May 8, 2013

Bringing Dark Data to Light

Isaac Lopez

One of the chief challenges of big data, especially where established science and research is concerned, is bringing what is called “dark data” – the data that is hidden in tables and texts of the massive stores of scientific journals – to light.  A research team is working on this problem combining several research areas into a potentially powerful tool.

The tool is called GeoDeepDive, and is being put together by researchers from different areas including the Condor High Throughput Computing Group, the Hazy research group at the University of Wisconsin-Madison, and the group that have put together a geological utility called Macrostrat, led by Shanan Peters.

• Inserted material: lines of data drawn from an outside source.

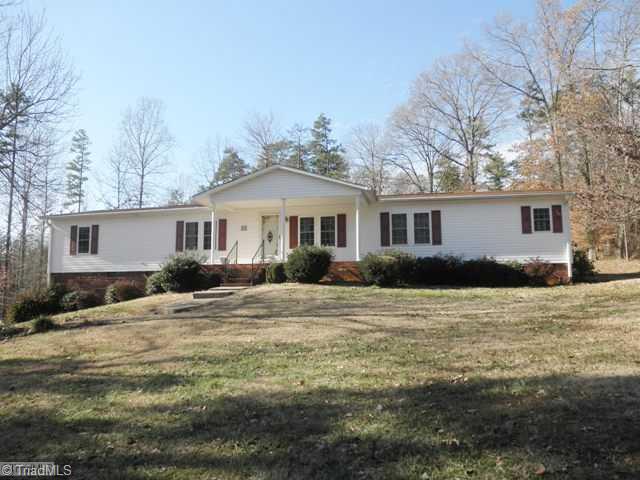 4420 Ebert Road Winston-Salem, NC 27127 - Photo 1 of 16 Exterior Front.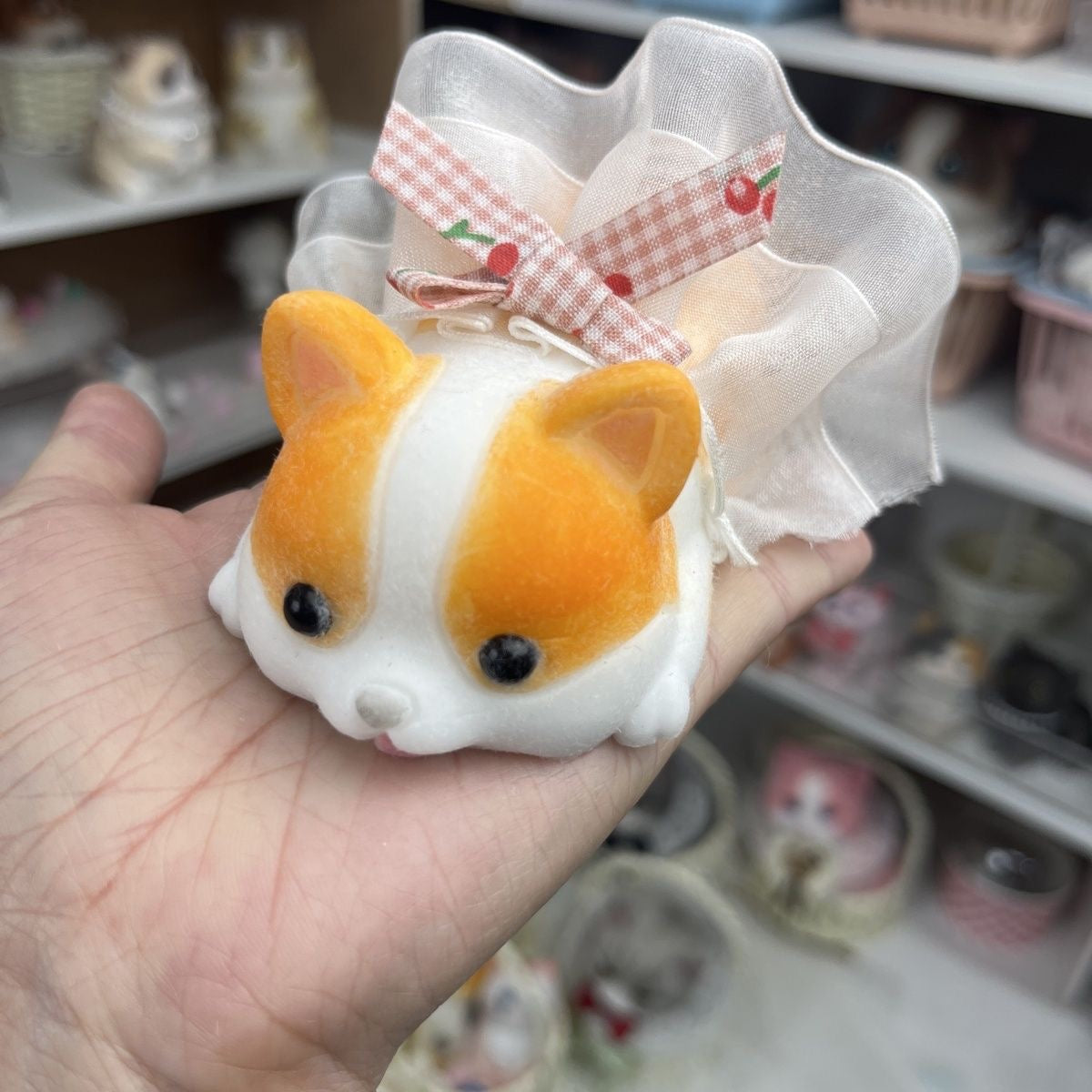 Handmade Corgi Taba Squishy Toy – product image 4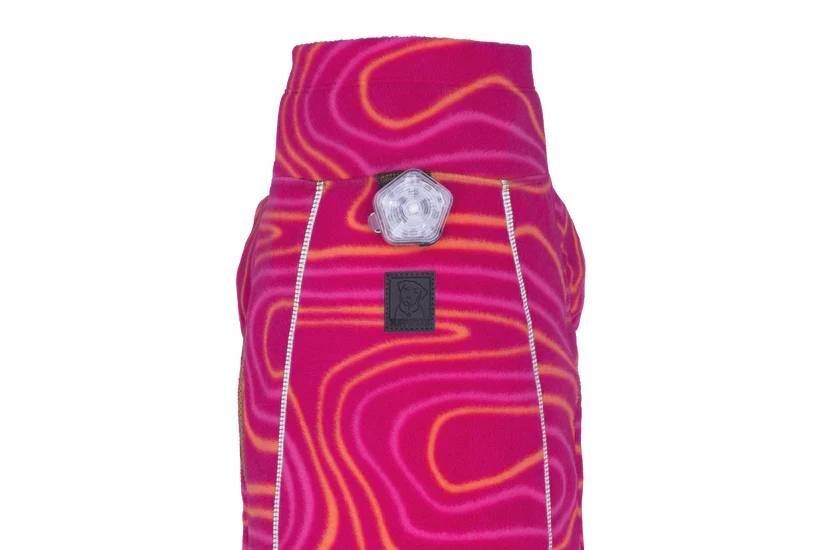 Флисовая куртка для собак Ruffwear Climate Changer&trade; M Малиновый 30380 фото
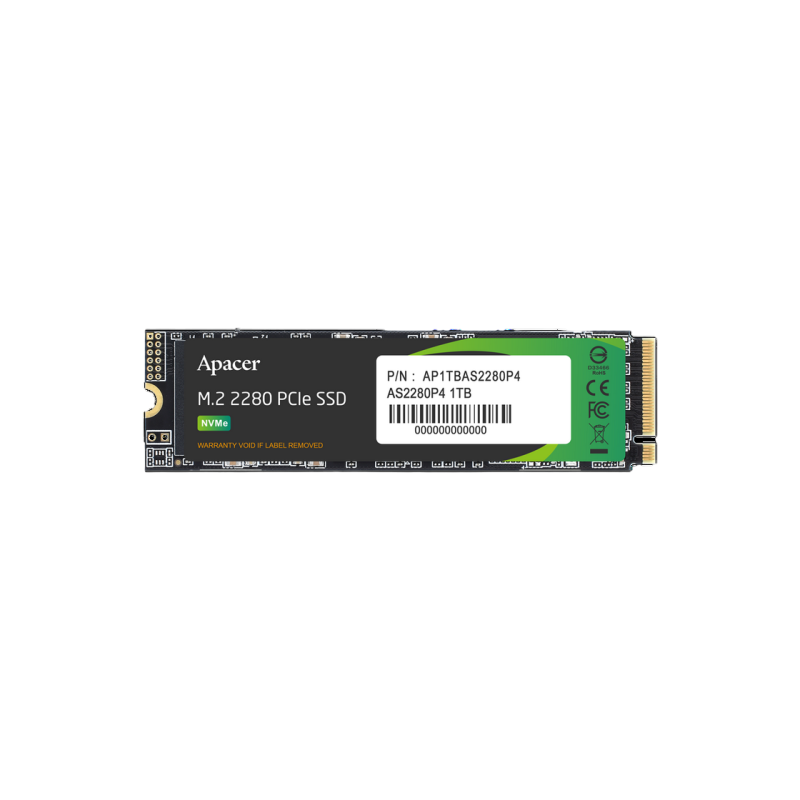SSD 1.0TB Apacer AS2280P4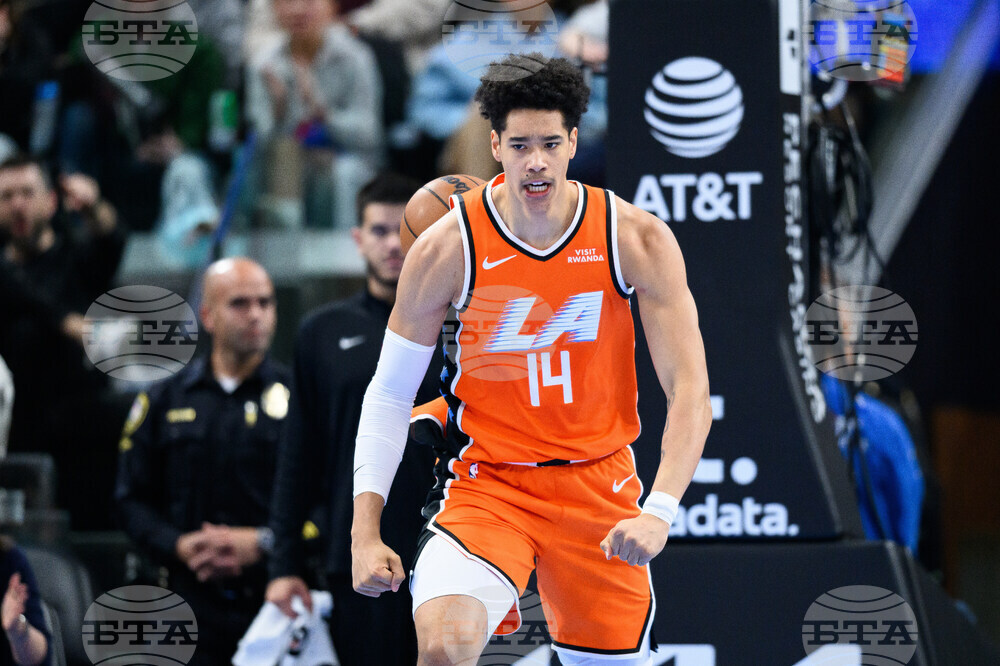 Pistons Clippers Basketball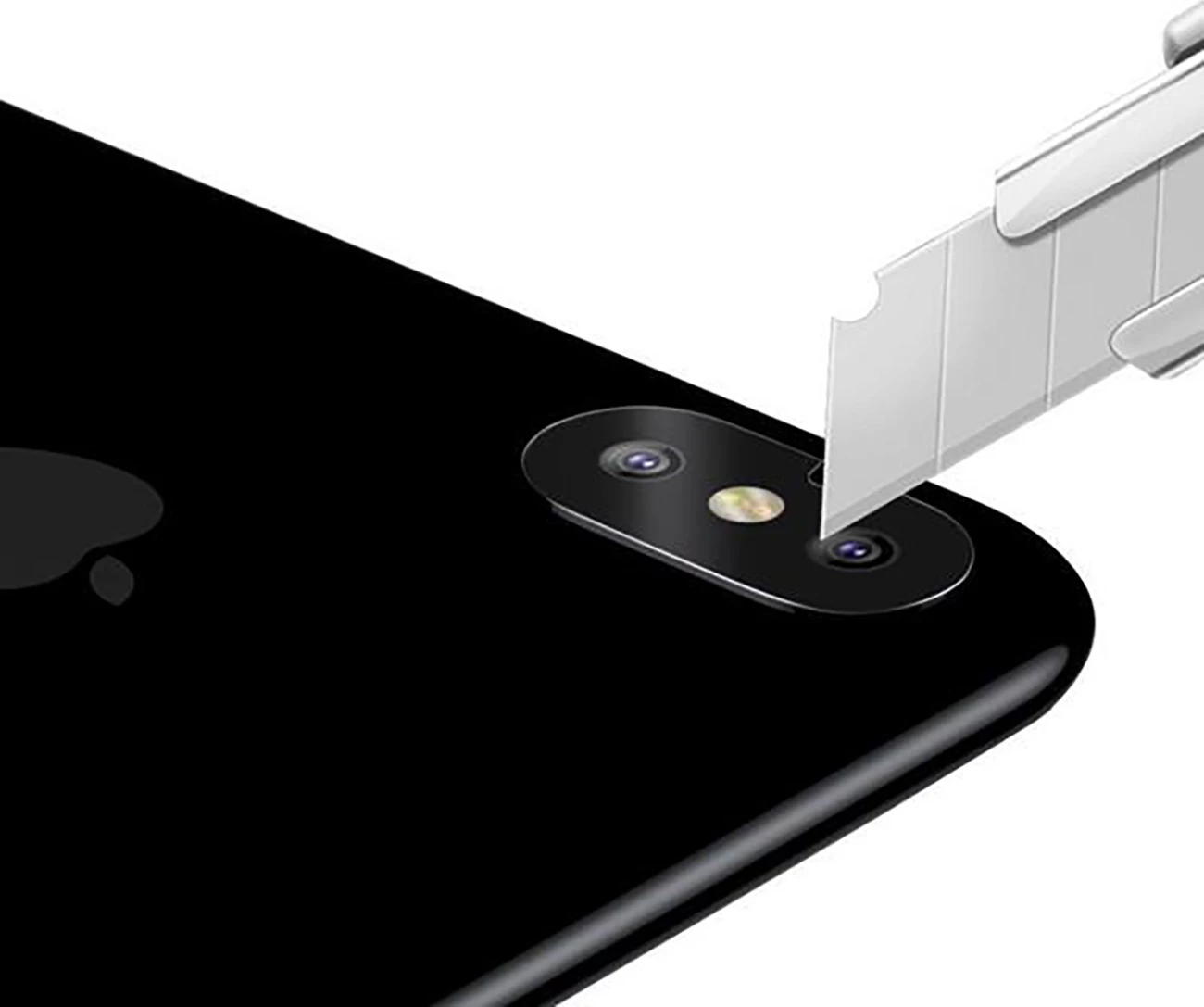 Mbrojtës xhami për kamerë iPhone Wozinsky, 9H, transparent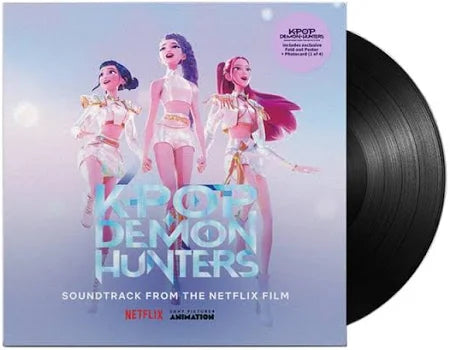 KPop Demon Hunters Original Soundtrack Vinyl Record
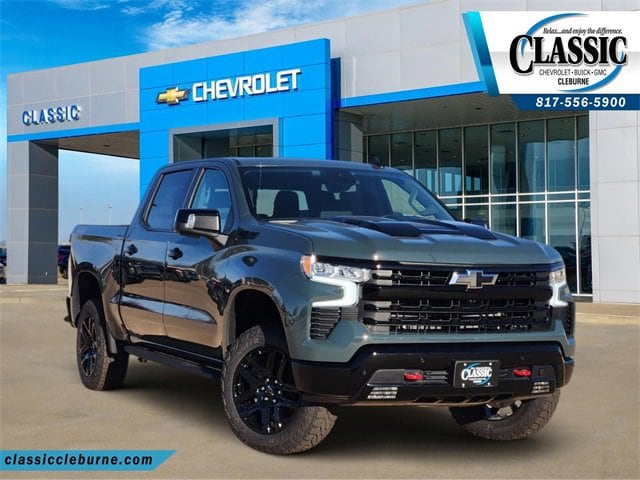 2026 Chevrolet Silverado 1500 LT Trail Boss's photo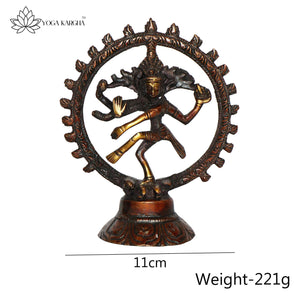 Lord Natraj, Dancing Lord Shiva Statue For Yoga Studio, Home Decor, Pooja, Prayer Altar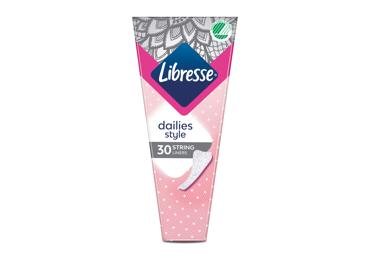 Higieniniai įklotai LIBRESSE STRING, 30 vnt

Using the Macrostrat graphical interface, which contains over 33,000 rock formations, the researcher have applied the Hazy group’s machine reading system to pour through 36,000 geological research documents, cataloging over 500,000 mentions of formation units. These units are broken down into individual bits of reference data and associated with the respective formations on the Macrostrat map. Combined, this tool becomes GeoDeepDive, where researchers can conduct research across space and time without having to hunt through the tomes of journal data.

The result is a research index that is geographically searchable through a map GUI that brings “dark data” to light. The GeoDeepDive implementation is specific to geologic research, however, the implications of the technology mash-up extend geoscience, as witnessed by the fact that the project is sponsored by such groups as DARPA, Google, Microsoft, the NSF, Raytheon, and American Family Insurance.